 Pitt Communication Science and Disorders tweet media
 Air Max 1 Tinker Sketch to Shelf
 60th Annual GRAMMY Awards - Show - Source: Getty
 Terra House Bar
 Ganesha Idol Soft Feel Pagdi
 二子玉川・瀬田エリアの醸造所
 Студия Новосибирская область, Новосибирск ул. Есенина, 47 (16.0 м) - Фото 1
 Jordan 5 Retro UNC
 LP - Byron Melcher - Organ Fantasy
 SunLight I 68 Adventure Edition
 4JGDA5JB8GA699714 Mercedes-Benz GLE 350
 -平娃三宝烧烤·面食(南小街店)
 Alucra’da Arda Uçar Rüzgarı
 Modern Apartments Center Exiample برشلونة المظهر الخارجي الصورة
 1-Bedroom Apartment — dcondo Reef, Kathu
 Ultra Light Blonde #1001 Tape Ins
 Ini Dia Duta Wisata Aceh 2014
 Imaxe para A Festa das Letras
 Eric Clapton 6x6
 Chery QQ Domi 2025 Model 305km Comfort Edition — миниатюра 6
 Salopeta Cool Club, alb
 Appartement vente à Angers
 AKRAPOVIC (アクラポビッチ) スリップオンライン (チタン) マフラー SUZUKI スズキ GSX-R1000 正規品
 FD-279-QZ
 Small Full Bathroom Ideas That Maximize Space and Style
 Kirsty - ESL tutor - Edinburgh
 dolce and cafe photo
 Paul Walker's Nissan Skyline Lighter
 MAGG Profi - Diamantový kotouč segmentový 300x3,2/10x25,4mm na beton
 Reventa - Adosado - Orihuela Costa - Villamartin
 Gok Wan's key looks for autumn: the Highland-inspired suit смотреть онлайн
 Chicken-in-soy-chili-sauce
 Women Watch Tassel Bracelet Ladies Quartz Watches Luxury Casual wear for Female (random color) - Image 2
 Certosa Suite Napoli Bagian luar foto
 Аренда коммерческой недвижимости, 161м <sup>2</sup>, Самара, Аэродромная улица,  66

# # # #

WHAT IS REQUIRED: The lines to copy are those in the listing that contain "Edition".

RESULT OF THIS TASK:
 SunLight I 68 Adventure Edition
 Chery QQ Domi 2025 Model 305km Comfort Edition — миниатюра 6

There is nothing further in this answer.